The acquisition was first announced in January 2025 with completion due by the end of that year. Financial terms have not been revealed. The acquisition was unanimously approved by the boards of both companies, and all required regulatory approvals have been obtained.

Ashley Gorakhpurwalla

Ashley Gorakhpurwalla, President, Infrastructure Solutions Group (ISG), Lenovo, said: "This acquisition strengthens Lenovo's position in enterprise storage at exactly the right moment. With Infinidat, we are significantly enhancing our enterprise storage capabilities and accelerating delivery of resilient, high-performance data infrastructure that powers AI, analytics, and mission-critical workloads."

Infinidat's focus has been on high-performance, reliable, mission-critical data serving and cyber-resilience. Regarding AI, it may be noteworthy that Infinidat is not currently an Nvidia partner in CMX terms, nor does it support GPUDirect, the protocol storage arrays use for sending data directly to GPU servers without involving their x86 host servers.

Phil Bullinger

Infinidat CEO Phil Bullinger said: "Infinidat's mission has always been to redefine enterprise storage by delivering exceptional performance, availability, cyber-resilience, and efficiency. Joining Lenovo enables us to scale that mission, accelerate R&D investments, and unlock innovative opportunities for our customers."

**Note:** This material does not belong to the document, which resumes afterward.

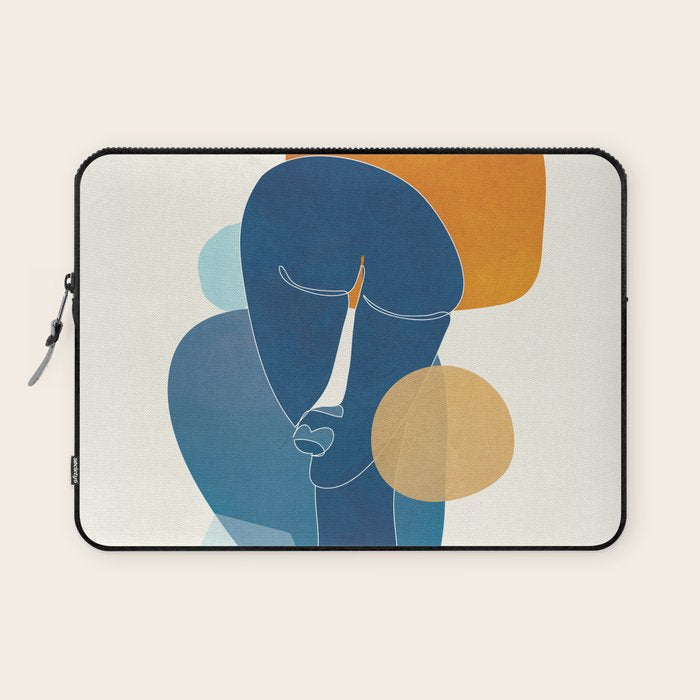 Abstract Mask Design 2 Laptop Sleeve Gallery Image 1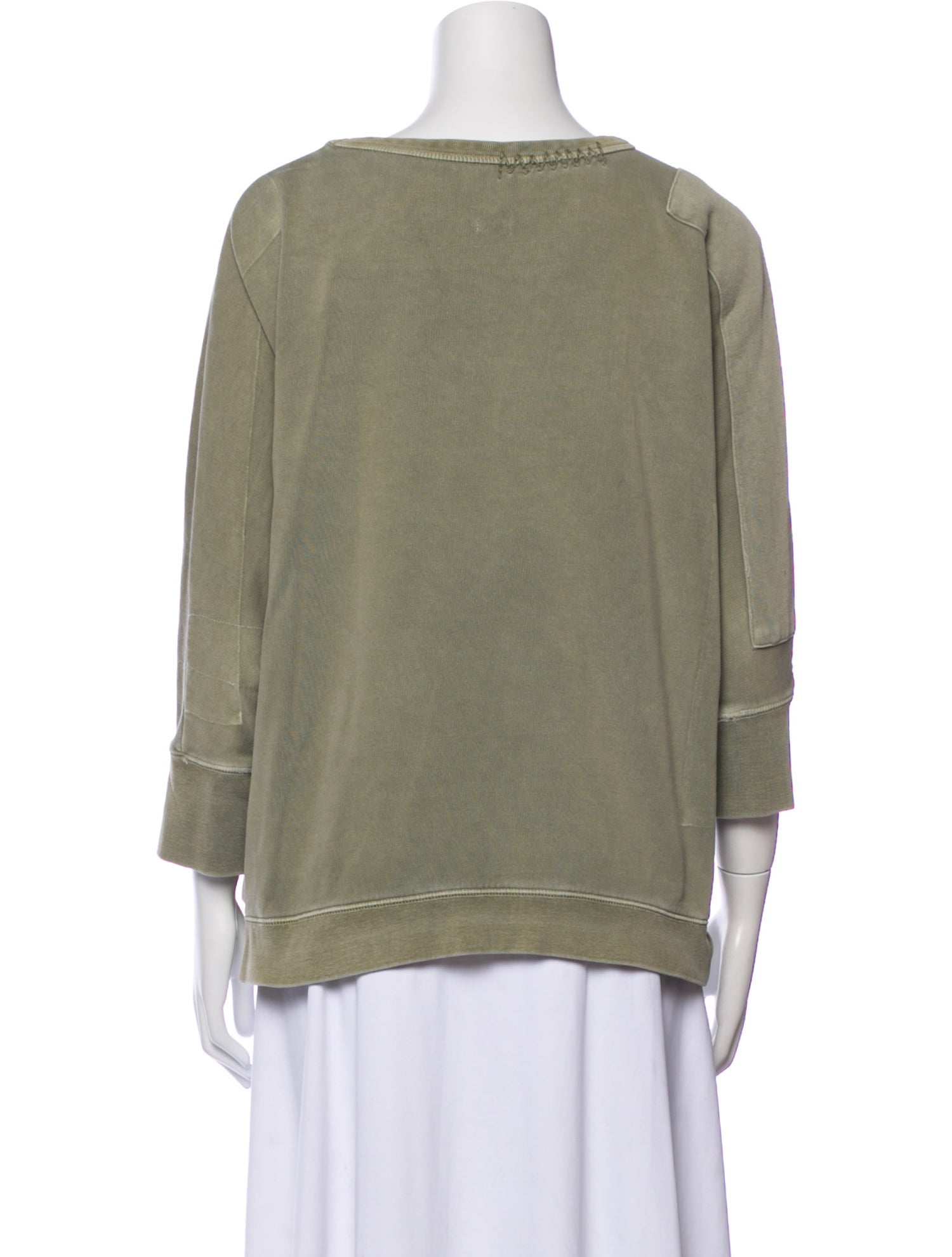 Zadig & Voltaire Scoop Neck Three-Quarter Sleeve Sweatshirt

No mention of AI here, though Lenovo has a strong AI server business. In February, its revenues reached $22 billion, driven by AI sales, which grew 72 percent year-over-year. 

The company restructured its ISG unit to become profitable and to benefit from multi-year AI training demand and long-term AI inference growth across the CSP, enterprise, and SMB market segments. The restructuring involved a realigned cost structure, a streamlined product portfolio, staff upskilling, a strengthened sales organization, and some severance charges. 

Lenovo says Infinidat will operate as a business unit within ISG, "with a continued focus on product innovation, customer success, and global expansion. Customers and partners can expect continuity of service, expanded solutions, and deeper integration across Lenovo from the combined capabilities."

We speculated about Infinidat's integration into Lenovo's storage product portfolio here, suggesting: "The obvious integration arena is software, with, initially, the two array systems being able to share data, and then, later operate under a unified management umbrella, and then have a federated data environment. This would provide cross-system visibility through unified namespace metadata/data fabric ideas and data feeds to data lakes and AI data pipelines."

Comment

Lenovo has a wonderful opportunity here as it becomes a supplier of mission-critical storage arrays, with AI driving demand in two ways. First, it is being used by the three main high-end array providers: Dell with PowerMax, IBM with its DS8000, and Infinidat to improve their internal operation and system administration facilities.

Secondly, these arrays become back-end stores for RAG, vector databases, and other analytics workloads. We are convinced they will eventually become front-end stores as well, with more direct communications to GPU servers. 

For example, we could conceive of a high-end array having a physical partition comprising an Nvidia CMX system, with internal network links between it and the rest of the array.